Le producteur de Havre-aux-Maisons transforme chaque année 500 000 litres de lait en fromage à pâte semi-ferme. Son marché principal demeure le Québec, mais le Pied-De-Vent est aussi vendu dans les Maritimes, en Ontario et en Colombie-Britannique. Dominique Arseneau, qui compte reprendre les rênes de l’entreprise familiale, craint déjà les contrecoups de cet accord de libre-échange.

«Tout le monde s’entend, c’est certain qu’il va y avoir des pertes pour les plus petits fromagers d’ici, on ne sait juste pas à quelle hauteur. Les gros vont pouvoir devenir plus gros, mais les plus petits, qui ont des marchés limités, vont subir les contrecoups.» – Dominique Arseneau, directeur de la production laitière, Fromagerie du Pied-De-Vent
Davantage de fromages, pas plus de consommateurs
« Ce n’est pas parce qu’on ajoute du fromage que les gens vont en manger plus, lance le directeur de l’Union des producteurs agricoles Gaspésie-Îles-de-la-Madeleine, Marc Tétreault. Dans ce genre de négociations-là, il y a des gagnants et des perdants et pour nous, ceux qui semblent être les perdants, ce sont les producteurs laitiers qui font du fromage. »
Même si les 500 fromages québécois ont acquis une certaine notoriété au cours des dernières années, aidés par des campagnes de promotion agressives avec la distinction « fromages d’ici », les producteurs de la province ne pourront se battre à armes égales, en raison de leur faible nombre et de leur volume de production marginal par rapport aux pays européens.
Par exemple, l’Association des fromagers artisans du Québec, dont fait partie Le Pied-De-Vent, représente une trentaine de producteurs à travers la province.
«Les pays de l’Europe sont des pionniers en fabrication fromagère, ils arrivent ici avec des produits compétitifs, de très bons produits et qui sont souvent beaucoup plus subventionnés dans certains pays qu’au Canada.» – Dominique Arseneau, directeur de la production laitière, Fromagerie du Pied-De-Vent
Un traité paradoxal?
Même si des producteurs québécois décidaient d’exporter leur fromage, il serait difficile de percer la muraille de pays comme la France, reconnu pour son protectionnisme lorsqu’il est question de ses vins et fromages. Dans le cadre de cette entente, le rapport de force est loin de favoriser les fromagers québécois, même s’ils sont les plus importants producteurs canadiens. Le déséquilibre est trop important avec l’Europe, croit l’UPA.

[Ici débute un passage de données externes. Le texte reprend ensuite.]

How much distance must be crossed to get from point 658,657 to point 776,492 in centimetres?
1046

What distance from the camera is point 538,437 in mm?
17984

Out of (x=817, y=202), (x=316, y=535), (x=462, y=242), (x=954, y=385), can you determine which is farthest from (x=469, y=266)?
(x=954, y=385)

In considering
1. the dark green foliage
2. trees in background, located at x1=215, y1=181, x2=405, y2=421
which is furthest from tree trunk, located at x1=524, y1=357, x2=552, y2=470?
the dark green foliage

« Ces pays ont introduit toute la notion de production de terroir, reconnaissance territoriale et appellation contrôlée, alors, qu’ici, ce concept-là est beaucoup plus nouveau », conclut le directeur de l’UPA Gaspésie-Îles-de-la-Madeleine.

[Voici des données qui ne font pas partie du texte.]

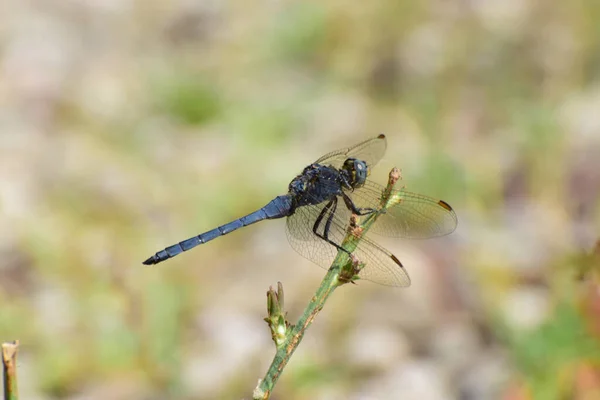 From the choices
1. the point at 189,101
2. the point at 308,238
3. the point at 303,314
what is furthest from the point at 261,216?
the point at 189,101

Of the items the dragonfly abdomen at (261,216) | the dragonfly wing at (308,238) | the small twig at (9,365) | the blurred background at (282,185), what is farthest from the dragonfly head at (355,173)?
the small twig at (9,365)

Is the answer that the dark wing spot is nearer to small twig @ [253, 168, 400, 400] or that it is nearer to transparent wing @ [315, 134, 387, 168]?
transparent wing @ [315, 134, 387, 168]

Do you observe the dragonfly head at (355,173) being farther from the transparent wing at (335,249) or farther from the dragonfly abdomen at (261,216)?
the dragonfly abdomen at (261,216)

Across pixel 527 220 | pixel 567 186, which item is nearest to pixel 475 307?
pixel 527 220

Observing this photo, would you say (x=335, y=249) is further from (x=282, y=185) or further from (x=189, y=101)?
(x=189, y=101)

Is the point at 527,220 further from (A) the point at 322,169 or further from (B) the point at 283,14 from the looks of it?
(B) the point at 283,14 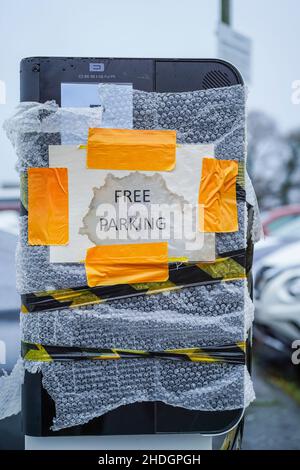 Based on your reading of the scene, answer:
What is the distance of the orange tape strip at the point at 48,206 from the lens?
1.77m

Rappelons que le Parlement de la région belge francophone de Wallonie a approuvé, vendredi, un projet d’accord amendé, permettant la signature de cette entente qui était jusque-là menacée. Les 28 États membres devaient tous donner leur appui pour permettre à cette entente de voir le jour. Cet accord va permettre l’abolition de 99 % des droits de douane entre les États signataires.